Chronique

Bisk
Raw Sh!t

Blah Records - 2016

Malgré son titre utilisé une bonne centaine de fois depuis vingt ans, Raw Sh!t nous a un peu pris par surprise. En effet, la jeune carrière de Bisk s’était jusqu’ici faite dans la discrétion. Tout juste l’avait-on entendu sur l’EP éponyme du collectif Cult of the Damned, sorti fin 2015 chez Blah Records. Au milieu des Lee Scott, Tony Broke, Black Josh et autres timbrés du Nord de l’Angleterre à fort accent, le Londonien ne s’était pas franchement fait remarquer. Il était dès lors impossible d’imaginer qu’il sortirait, quelques mois plus tard, un projet aussi réussi que celui-ci.

La sobriété de Bisk est peut-être justement sa principale qualité. Pas d’esbroufe technique, d’envolées expérimentales ou de concepts alambiqués ici. Le flow nonchalant du rappeur et les productions inquiétantes plantent une atmosphère dense, donnent une impression de colère froide.
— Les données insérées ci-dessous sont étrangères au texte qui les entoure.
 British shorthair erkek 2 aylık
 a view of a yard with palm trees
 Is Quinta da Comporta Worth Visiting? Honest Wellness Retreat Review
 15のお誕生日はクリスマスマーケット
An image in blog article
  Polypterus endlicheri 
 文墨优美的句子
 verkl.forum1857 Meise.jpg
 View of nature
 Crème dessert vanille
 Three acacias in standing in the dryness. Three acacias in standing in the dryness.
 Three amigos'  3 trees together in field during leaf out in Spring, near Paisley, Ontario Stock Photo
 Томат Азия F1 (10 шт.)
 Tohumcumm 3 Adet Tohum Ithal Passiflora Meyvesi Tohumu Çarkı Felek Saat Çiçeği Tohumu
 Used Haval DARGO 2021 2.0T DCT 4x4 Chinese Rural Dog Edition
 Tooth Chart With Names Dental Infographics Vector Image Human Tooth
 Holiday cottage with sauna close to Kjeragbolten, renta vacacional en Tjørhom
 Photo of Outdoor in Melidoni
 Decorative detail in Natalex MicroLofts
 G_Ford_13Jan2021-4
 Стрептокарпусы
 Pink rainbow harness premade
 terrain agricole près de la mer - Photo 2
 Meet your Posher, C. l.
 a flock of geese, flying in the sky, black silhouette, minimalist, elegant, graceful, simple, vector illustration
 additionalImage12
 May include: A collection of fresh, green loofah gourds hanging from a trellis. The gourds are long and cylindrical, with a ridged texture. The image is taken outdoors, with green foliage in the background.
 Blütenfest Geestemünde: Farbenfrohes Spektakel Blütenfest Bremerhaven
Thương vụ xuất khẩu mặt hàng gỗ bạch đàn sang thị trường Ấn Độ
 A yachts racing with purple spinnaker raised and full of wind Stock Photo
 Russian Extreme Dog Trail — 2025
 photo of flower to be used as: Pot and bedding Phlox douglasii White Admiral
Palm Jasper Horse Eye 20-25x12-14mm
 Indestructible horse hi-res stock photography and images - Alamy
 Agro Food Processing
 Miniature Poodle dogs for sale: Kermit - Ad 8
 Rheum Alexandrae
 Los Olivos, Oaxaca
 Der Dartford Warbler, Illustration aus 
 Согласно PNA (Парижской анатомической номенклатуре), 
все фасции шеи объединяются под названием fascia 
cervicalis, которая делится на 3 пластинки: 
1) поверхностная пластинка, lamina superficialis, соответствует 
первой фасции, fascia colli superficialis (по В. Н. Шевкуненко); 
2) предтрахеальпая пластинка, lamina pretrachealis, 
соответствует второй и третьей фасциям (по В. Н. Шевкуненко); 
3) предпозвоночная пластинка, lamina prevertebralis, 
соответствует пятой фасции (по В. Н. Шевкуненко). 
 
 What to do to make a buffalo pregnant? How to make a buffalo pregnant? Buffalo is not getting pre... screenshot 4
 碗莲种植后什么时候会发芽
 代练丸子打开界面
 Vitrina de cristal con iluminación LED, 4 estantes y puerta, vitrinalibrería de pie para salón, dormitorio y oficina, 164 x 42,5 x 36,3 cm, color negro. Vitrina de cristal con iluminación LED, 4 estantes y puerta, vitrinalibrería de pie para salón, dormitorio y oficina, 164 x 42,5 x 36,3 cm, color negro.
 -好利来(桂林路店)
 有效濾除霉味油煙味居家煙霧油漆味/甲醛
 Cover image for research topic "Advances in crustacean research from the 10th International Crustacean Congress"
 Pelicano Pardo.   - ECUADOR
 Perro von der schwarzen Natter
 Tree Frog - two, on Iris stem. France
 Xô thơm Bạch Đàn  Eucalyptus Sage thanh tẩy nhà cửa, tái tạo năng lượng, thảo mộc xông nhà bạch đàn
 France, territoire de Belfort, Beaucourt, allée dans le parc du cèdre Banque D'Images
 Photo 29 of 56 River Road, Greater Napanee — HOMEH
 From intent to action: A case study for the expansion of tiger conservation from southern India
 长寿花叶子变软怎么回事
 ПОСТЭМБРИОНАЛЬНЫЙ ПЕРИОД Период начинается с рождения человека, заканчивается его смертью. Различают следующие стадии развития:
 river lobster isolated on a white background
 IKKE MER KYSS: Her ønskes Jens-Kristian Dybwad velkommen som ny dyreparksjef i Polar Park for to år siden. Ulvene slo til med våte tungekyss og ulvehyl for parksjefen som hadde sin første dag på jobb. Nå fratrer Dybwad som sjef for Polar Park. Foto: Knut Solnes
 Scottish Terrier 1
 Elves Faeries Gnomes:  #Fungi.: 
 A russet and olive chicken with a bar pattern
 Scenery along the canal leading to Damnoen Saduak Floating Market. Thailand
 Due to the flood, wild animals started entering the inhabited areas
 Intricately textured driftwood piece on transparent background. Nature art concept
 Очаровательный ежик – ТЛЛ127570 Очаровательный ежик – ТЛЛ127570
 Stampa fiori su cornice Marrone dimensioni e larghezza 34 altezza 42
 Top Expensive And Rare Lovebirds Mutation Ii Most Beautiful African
Ce n’est qu’à l’occasion des dernières minutes de l’EP et de « Pimpfunk » que Bisk hausse le ton, comme excédé par la rage accumulée sur les sept pistes précédentes, passées à conter le quotidien d’un jeune lad de Walthamstow, au Nord de Londres, entre rêves de grandeur et petite criminalité.

« Le flow nonchalant du rappeur et les productions inquiétantes plantent une ambiance dense, donnent une impression de colère froide.  »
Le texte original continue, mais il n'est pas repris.